__Directions for this task__
The expected answer is a copy of every line in the listing that has the word "Great".

__Data extract__

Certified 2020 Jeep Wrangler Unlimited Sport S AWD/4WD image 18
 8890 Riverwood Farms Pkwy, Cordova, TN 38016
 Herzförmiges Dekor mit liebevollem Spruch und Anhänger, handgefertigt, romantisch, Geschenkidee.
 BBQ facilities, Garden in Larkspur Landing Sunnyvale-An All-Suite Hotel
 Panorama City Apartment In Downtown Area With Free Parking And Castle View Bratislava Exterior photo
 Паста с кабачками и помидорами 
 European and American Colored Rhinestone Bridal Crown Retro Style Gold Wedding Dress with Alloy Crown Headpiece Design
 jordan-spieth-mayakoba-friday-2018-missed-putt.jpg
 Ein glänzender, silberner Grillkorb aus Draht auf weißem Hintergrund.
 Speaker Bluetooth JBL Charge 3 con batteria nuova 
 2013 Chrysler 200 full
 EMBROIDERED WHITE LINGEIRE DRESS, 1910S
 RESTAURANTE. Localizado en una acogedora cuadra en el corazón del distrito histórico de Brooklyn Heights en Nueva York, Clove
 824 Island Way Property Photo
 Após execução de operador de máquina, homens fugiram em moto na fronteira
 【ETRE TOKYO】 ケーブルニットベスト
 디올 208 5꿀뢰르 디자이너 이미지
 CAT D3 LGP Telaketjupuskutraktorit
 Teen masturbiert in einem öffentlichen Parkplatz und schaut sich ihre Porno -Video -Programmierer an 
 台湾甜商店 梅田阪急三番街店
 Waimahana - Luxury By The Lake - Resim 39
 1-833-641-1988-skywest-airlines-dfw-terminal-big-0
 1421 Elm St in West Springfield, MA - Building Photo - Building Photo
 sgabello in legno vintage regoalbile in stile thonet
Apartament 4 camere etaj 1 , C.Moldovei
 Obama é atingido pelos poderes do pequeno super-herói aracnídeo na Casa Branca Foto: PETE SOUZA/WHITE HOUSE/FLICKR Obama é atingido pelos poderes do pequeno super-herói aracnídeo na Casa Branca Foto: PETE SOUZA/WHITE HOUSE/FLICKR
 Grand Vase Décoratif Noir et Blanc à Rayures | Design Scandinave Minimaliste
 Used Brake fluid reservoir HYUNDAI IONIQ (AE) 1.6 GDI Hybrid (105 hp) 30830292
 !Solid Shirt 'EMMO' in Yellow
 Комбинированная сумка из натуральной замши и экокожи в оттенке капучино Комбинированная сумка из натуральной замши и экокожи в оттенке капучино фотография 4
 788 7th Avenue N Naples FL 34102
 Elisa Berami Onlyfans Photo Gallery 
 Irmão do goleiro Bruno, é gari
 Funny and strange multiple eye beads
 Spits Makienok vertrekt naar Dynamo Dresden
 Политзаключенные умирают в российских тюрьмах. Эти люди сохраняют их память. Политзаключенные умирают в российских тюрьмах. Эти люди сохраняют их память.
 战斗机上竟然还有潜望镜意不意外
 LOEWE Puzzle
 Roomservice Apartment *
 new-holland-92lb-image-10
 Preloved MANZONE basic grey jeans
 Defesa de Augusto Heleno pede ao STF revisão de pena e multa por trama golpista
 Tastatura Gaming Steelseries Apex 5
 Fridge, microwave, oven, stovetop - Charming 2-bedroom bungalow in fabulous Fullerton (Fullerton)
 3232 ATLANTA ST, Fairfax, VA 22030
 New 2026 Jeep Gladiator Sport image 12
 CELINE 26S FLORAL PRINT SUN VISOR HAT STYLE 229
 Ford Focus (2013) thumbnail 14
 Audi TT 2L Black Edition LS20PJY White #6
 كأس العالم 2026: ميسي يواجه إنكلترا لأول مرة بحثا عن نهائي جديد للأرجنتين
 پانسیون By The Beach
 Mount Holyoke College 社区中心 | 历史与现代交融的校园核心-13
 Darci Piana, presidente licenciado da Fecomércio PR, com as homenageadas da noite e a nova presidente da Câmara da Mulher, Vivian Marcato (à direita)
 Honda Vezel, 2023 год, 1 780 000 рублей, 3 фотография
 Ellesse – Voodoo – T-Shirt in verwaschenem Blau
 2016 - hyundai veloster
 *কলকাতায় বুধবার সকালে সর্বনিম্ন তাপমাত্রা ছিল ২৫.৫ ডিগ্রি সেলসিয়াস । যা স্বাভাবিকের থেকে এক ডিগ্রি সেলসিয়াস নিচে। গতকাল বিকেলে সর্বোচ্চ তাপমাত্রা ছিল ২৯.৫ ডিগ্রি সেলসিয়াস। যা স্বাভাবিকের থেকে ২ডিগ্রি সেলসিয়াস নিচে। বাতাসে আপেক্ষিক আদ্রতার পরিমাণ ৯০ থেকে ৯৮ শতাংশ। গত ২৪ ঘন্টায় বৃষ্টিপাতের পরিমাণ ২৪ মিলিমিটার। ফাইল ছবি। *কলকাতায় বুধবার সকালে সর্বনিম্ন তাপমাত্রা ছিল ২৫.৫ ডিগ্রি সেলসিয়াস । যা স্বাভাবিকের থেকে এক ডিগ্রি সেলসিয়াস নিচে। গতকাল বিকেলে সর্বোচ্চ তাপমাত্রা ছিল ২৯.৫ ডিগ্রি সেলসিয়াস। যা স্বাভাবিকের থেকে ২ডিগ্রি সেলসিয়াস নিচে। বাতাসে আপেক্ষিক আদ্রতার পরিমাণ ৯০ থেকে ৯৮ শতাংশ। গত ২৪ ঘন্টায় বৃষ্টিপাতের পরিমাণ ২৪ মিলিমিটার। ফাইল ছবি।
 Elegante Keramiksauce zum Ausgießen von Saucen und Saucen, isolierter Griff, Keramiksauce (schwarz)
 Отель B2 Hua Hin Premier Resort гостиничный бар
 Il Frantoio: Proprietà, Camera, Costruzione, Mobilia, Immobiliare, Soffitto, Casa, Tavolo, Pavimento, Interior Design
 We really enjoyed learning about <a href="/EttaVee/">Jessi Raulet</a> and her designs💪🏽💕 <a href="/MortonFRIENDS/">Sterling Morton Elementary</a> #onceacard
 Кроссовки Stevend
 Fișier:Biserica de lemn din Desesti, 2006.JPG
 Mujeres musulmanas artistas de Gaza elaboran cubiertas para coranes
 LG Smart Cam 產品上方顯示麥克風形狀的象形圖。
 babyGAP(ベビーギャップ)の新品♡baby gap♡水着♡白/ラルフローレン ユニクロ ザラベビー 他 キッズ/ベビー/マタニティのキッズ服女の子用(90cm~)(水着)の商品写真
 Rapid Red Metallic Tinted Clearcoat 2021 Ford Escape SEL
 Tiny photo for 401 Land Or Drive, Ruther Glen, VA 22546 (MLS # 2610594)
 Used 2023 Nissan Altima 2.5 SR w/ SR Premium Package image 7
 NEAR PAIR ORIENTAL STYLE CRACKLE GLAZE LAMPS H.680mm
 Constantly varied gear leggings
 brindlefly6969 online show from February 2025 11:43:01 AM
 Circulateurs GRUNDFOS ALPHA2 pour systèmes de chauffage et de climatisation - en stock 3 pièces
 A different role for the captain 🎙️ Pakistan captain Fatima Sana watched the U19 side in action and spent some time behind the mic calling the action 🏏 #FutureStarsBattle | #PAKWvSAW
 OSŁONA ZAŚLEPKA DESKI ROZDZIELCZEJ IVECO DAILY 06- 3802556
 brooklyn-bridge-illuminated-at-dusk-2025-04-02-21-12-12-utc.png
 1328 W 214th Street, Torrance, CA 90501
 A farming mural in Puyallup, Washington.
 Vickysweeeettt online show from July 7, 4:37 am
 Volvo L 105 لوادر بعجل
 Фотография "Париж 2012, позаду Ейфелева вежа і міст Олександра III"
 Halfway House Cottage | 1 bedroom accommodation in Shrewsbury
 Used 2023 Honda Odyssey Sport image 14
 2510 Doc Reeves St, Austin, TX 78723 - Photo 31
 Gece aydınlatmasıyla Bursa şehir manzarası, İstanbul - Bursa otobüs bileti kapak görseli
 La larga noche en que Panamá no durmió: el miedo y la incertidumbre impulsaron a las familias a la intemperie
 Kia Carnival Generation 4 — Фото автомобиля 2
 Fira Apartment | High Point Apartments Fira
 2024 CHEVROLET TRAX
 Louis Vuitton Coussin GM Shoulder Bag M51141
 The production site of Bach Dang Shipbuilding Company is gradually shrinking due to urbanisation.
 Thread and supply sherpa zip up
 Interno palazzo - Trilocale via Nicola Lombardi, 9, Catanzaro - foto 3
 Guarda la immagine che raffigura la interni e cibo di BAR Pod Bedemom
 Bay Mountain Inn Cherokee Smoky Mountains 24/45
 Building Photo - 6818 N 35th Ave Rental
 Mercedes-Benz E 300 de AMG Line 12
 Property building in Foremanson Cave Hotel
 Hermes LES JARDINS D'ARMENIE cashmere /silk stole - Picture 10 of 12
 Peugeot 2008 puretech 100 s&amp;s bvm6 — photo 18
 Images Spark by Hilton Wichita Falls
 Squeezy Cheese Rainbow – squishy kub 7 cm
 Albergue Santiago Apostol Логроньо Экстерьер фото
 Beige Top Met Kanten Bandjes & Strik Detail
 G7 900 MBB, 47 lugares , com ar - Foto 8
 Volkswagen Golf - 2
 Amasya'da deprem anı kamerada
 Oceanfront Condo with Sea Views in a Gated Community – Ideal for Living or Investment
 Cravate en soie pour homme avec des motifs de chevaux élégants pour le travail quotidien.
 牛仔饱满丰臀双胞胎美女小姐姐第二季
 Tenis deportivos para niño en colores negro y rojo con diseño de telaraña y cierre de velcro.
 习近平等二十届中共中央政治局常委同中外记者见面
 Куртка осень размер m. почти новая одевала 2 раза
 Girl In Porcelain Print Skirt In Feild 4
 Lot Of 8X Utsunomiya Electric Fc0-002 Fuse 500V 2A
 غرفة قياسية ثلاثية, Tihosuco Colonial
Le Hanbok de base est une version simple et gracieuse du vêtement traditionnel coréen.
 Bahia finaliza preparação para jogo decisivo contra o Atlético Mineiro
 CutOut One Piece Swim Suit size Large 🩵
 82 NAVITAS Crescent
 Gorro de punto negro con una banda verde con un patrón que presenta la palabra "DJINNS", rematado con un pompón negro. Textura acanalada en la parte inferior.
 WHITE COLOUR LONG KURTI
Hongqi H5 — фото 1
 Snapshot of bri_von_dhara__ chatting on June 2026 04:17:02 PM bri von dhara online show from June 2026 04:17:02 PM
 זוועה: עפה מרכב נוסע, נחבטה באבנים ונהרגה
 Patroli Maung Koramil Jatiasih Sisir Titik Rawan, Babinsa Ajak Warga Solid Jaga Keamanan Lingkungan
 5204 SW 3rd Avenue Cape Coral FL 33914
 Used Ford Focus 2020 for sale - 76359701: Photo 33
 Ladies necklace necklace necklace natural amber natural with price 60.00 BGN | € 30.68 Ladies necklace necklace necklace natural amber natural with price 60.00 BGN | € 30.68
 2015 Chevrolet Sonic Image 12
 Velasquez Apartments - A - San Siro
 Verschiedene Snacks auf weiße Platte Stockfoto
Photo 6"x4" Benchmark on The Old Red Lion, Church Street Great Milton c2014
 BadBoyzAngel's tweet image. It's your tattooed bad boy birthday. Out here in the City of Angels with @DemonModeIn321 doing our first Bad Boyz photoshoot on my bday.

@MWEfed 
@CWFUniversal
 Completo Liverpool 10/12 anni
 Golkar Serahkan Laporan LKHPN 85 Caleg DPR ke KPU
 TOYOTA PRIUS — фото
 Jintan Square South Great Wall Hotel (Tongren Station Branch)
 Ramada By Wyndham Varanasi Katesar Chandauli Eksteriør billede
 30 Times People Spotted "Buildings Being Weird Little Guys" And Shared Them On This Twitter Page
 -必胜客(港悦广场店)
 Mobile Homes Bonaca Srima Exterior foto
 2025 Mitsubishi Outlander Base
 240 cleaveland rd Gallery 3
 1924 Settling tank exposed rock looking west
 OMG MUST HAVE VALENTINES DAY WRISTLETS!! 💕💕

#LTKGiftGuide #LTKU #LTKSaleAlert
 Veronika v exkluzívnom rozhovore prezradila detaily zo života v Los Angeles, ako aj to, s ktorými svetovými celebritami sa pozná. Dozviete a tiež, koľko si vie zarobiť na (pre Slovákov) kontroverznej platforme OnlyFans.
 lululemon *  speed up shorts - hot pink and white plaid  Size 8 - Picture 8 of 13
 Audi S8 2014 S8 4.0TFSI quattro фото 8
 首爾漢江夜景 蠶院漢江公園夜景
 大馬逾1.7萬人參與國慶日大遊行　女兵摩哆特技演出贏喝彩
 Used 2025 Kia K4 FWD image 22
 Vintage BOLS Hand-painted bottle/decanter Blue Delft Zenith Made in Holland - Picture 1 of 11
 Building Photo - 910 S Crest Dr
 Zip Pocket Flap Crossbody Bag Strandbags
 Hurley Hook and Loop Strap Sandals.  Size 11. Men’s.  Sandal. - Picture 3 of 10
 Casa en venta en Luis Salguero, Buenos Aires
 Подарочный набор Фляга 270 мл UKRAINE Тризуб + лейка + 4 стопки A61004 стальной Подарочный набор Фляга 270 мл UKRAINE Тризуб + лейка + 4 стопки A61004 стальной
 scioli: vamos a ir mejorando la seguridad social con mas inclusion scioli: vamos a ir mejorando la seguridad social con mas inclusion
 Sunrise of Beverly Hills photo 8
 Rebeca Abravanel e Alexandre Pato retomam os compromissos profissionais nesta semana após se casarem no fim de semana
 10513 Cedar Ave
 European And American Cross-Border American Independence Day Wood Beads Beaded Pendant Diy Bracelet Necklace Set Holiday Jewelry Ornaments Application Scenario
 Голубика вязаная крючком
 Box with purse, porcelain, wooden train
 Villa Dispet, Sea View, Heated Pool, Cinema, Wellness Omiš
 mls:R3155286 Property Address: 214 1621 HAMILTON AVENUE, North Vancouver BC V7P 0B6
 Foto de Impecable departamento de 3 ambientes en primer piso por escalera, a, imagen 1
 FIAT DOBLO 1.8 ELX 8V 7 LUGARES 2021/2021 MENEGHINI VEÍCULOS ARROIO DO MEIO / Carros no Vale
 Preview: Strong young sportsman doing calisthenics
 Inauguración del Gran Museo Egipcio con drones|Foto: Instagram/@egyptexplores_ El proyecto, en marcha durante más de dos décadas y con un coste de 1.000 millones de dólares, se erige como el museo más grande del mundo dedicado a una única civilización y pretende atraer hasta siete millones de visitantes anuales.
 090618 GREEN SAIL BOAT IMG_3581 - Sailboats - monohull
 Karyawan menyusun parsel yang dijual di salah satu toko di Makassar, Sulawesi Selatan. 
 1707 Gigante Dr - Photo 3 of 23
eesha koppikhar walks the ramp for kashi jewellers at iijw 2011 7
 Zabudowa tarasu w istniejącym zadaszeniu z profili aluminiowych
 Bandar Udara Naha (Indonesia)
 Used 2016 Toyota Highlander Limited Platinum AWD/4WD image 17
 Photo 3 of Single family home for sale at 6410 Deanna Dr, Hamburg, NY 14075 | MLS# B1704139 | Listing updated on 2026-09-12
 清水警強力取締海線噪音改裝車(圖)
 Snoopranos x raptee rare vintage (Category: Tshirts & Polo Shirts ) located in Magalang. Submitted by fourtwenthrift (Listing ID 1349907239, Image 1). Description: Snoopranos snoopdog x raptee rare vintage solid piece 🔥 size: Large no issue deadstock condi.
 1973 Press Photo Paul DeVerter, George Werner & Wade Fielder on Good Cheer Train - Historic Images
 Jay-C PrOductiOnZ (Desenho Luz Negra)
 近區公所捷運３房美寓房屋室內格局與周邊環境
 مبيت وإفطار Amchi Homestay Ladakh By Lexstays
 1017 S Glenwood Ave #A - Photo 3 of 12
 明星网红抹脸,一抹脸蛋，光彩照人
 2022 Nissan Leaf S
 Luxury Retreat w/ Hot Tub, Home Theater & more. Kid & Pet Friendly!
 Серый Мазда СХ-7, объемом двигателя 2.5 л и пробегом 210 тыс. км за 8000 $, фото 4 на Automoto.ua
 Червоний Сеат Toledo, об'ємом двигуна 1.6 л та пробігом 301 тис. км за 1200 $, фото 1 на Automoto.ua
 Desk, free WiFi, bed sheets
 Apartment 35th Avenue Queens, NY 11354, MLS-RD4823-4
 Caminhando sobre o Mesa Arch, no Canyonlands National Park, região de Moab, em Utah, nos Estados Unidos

__Output for this task__
Photo 6"x4" Benchmark on The Old Red Lion, Church Street Great Milton c2014
 Jintan Square South Great Wall Hotel (Tongren Station Branch)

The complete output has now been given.